Create an Azure Data Lake Gen2. You do this by creating a storage account that has hierarchical namespace enabled.

create-data-lake-gen2-1

Enable hierarchical namespace:

create-data-lake-gen2-2

Create a container called "raw" in your Azure Data Lake Gen2.

create-container

Create two directories:

  • 2020/03/31
  • 2020/04/01

create-directory

Step 9:

Upload the two data files in the respective directories in your Azure Data Lake Gen2 (according to the date).

upload-data

Step 10:

Register your Azure Data Lake Gen2 as a storage account (not as an Azure Data Lake Gen2) datastore in the Azure Machine Learning Workspace.

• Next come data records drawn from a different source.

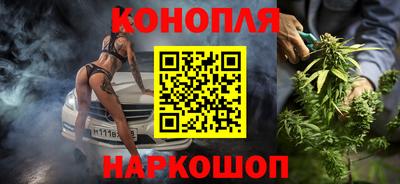 сатива Кандалакша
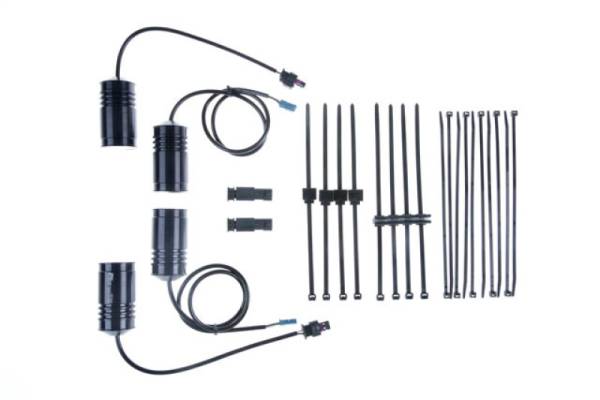 KW - KW Electronic Damping Cancellation Kit BMW M5 F10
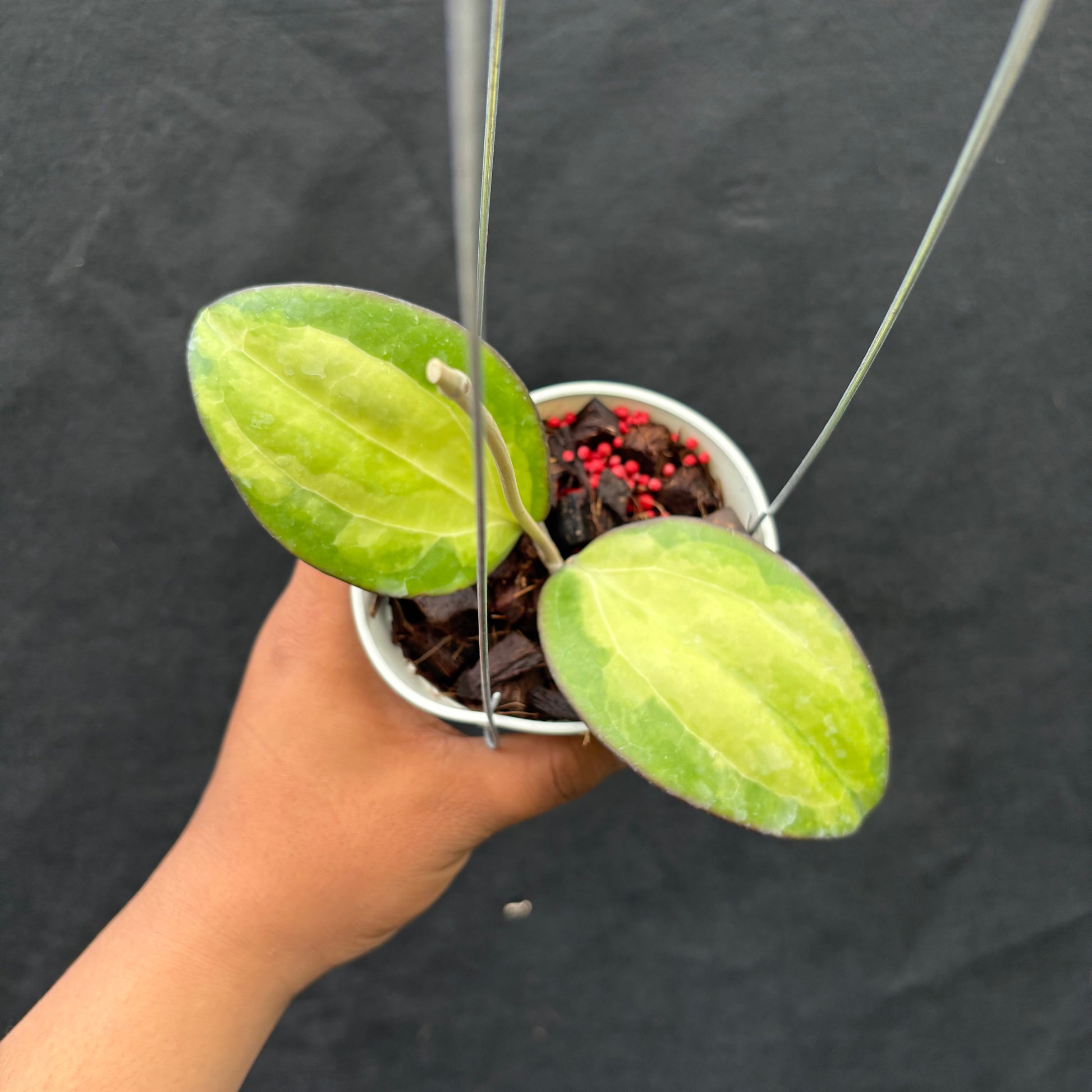 Hoya Cinnamomifolia (Inner Variegated) - Indonesian Rare Plants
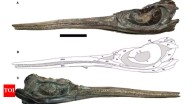 Newly discovered Jurassic 'sword dragon' sheds light on Ichthyosaur Evolution
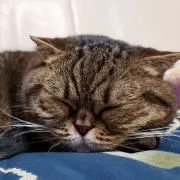 まる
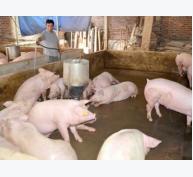 Chăn nuôi lợn thương phẩm an toàn ở Hưng Thành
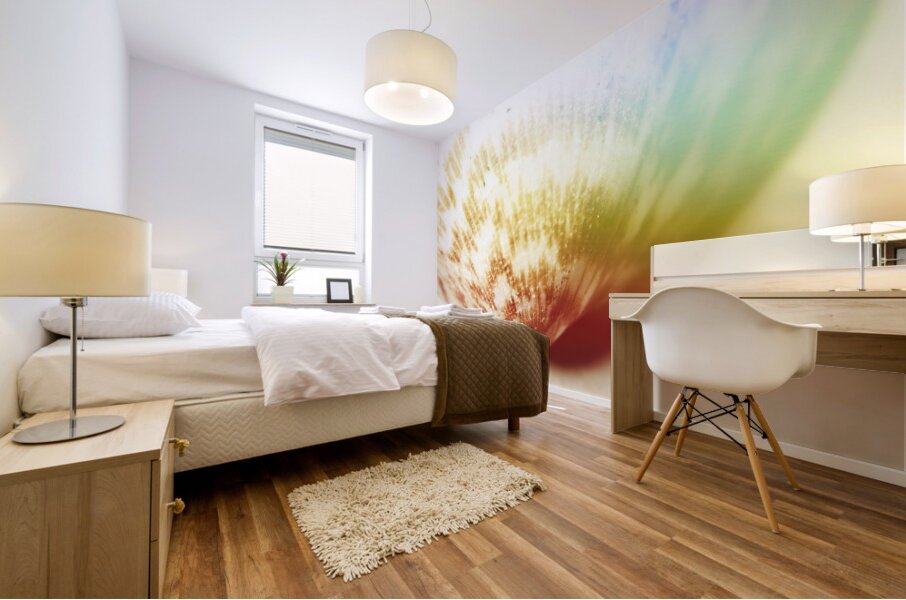 Colorful light flare over seashell Mural print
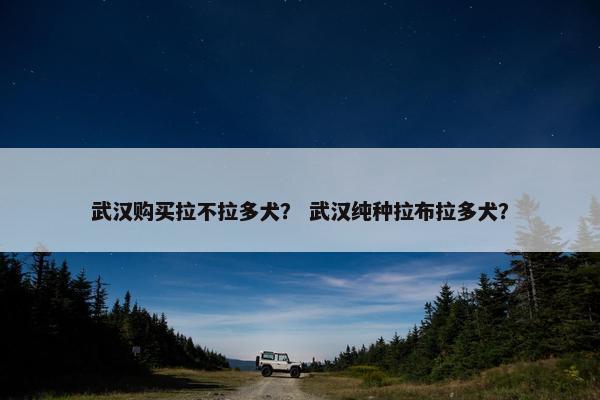 武汉购买拉不拉多犬？ 武汉纯种拉布拉多犬？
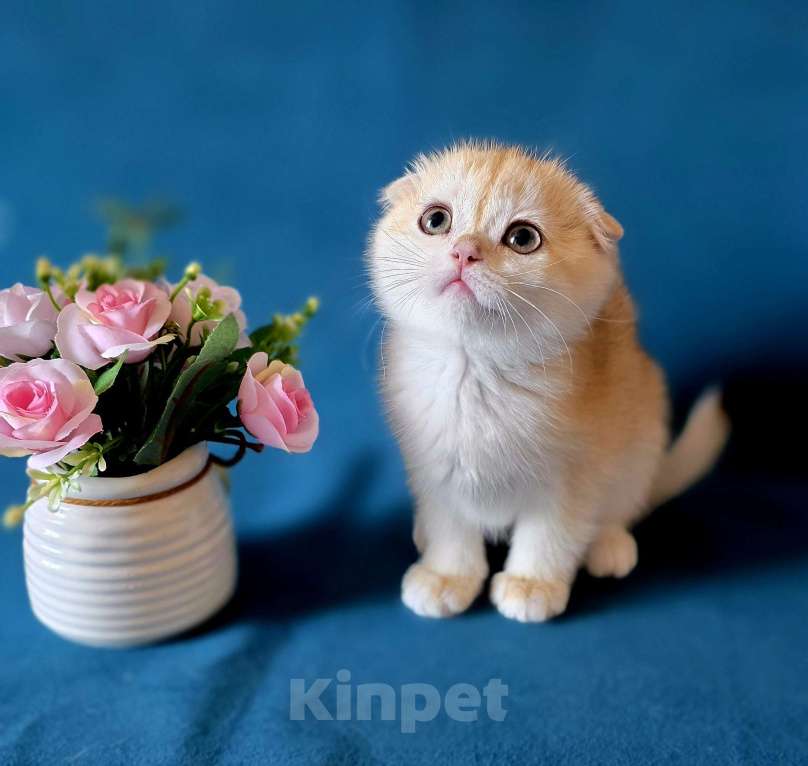 Кошки в Калуге: Roxy SFS ny 12 Девочка, Бесплатно - фото 5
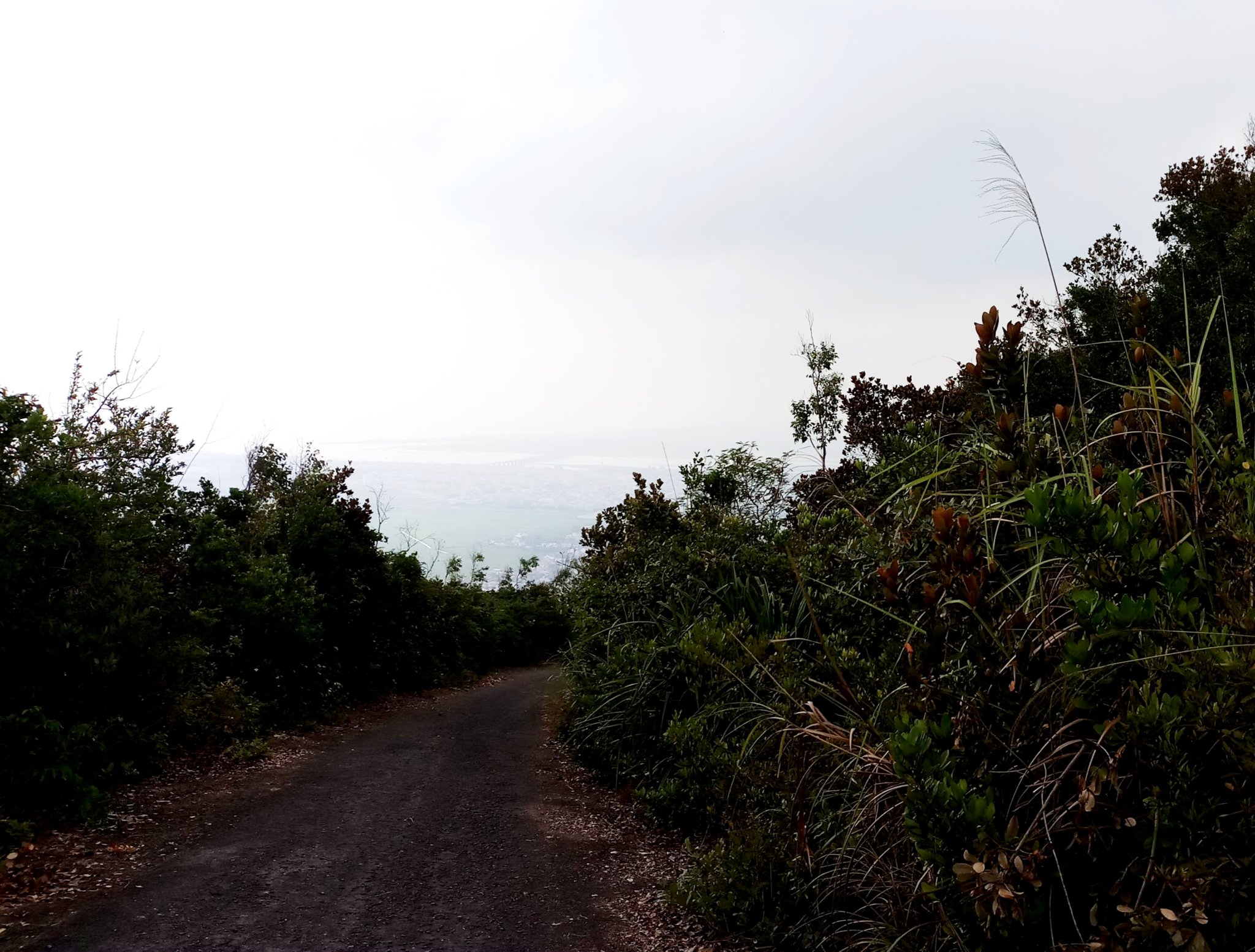 20191009_104412.jpg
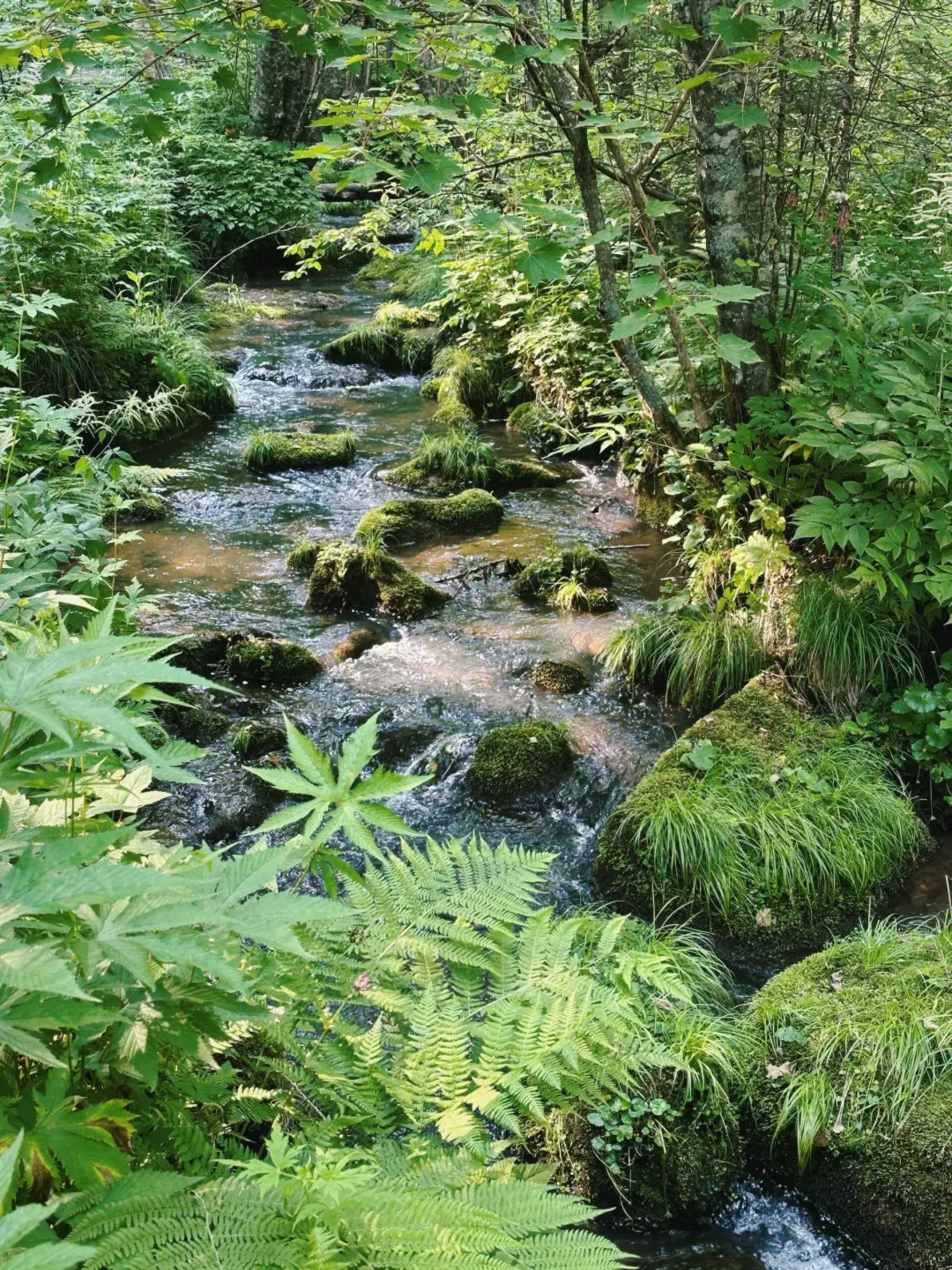 今年暑假，我只带娃去一个地方：伊春🥳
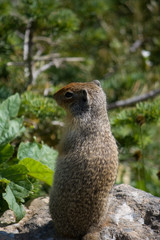 Hoary Marmot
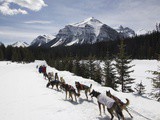 Kingmik Dog Sled Tours – Where we have been hiding for the past year
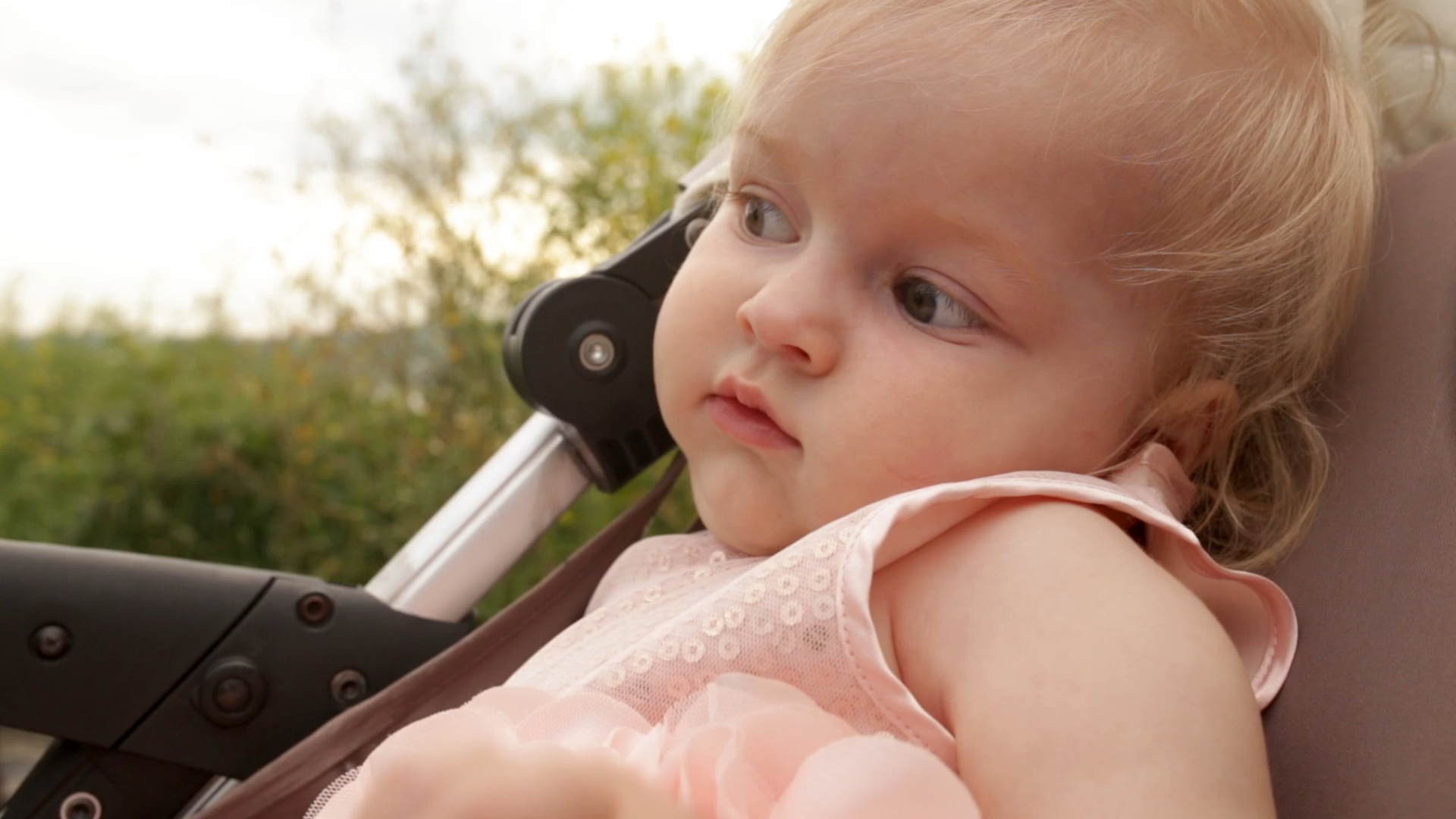 Волонтерство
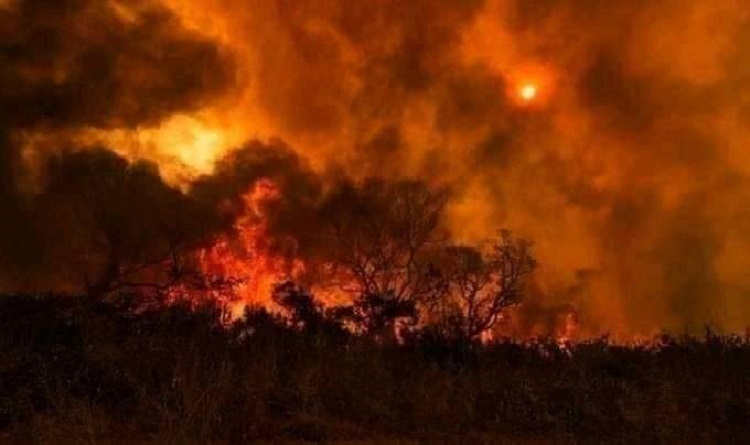 Pakistani security forces have set fire to the Balochistan forests. (Photo: News Intervention)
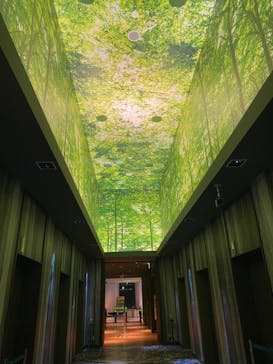 サンシャイン60展望台に投稿された画像（2023/4/18）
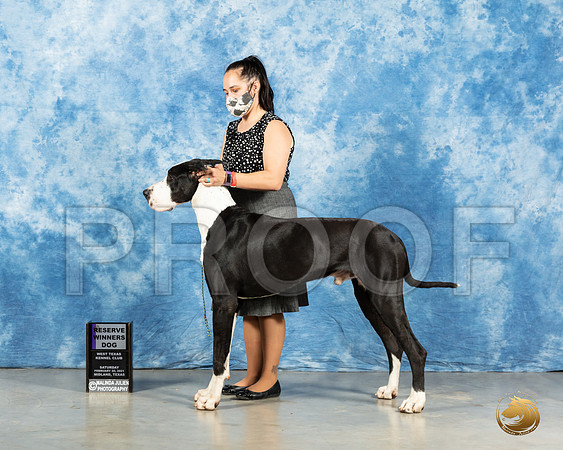 Great Dane #17 Sat RWD Judge Carolyn Herbel_MMJ_2034_Mdlnd21_HR3
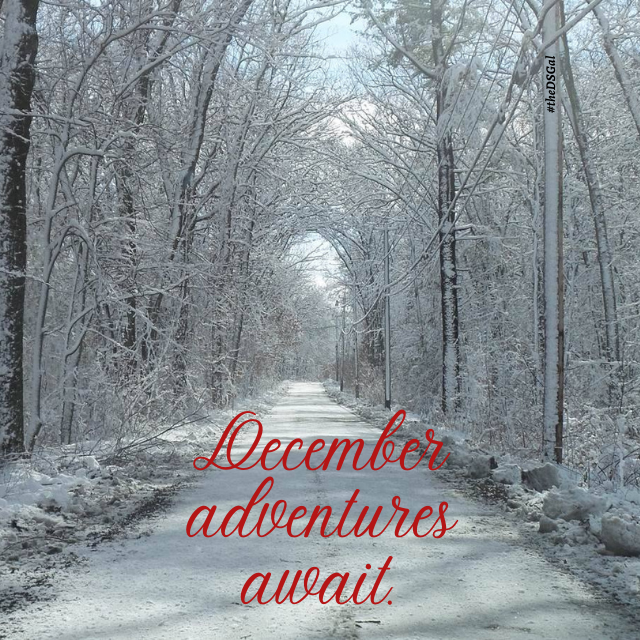 mymetalmadness's tweet photo. It's a magical time of year. 🚙🎄❄️
#adventure #December #helloDecember #Decemberadventures #tistheseason #Christmas #Christmastime #hollyjolly #hohoho #magicaltimeoftheyear #welder #welding #metalwork #metalart #keepcraftalive #hitchyaride #MyMetalMadness #theDSGal https://t.co/YfOYotBZ1u
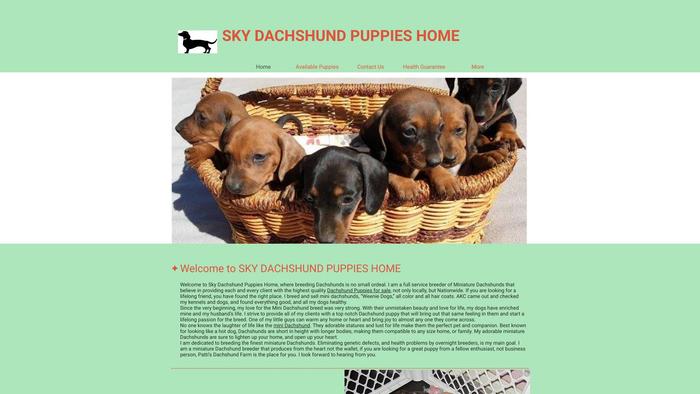 Skydachshundpuppieshome.com - Dachshund Puppy Scam Review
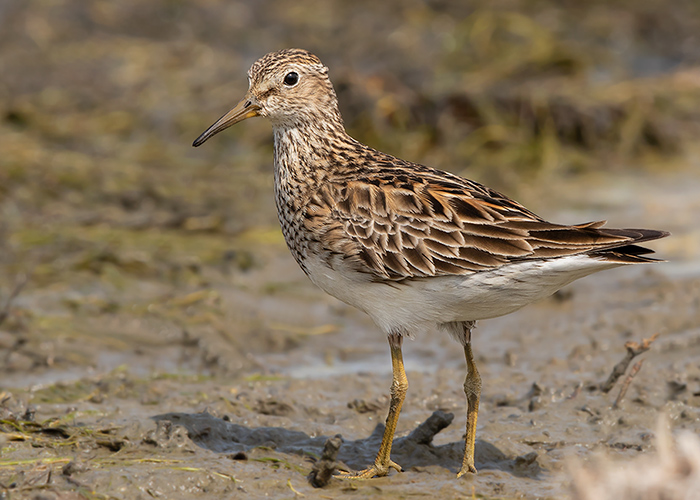 Pectoral Sandpiper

First retrieve your storage account key from the Azure Portal:

get-storage-account-key

create-datastore

Step 11:

Register a dataset using your datastore. Important: the dataset has to be named "customer-churn".

create-dataset-1

create-dataset-2

create-dataset-3

create-dataset-4

Step 12:

Install all necessary dependencies on your compute instance.

install_dependencies

Step 13:

You can now run the notebooks. Specific explanations can be found as comments in the notebooks. You can omit running "03_customer_churn_train_decision_tree" and "04_customer_churn_train_automl" without affecting the downstream workflow.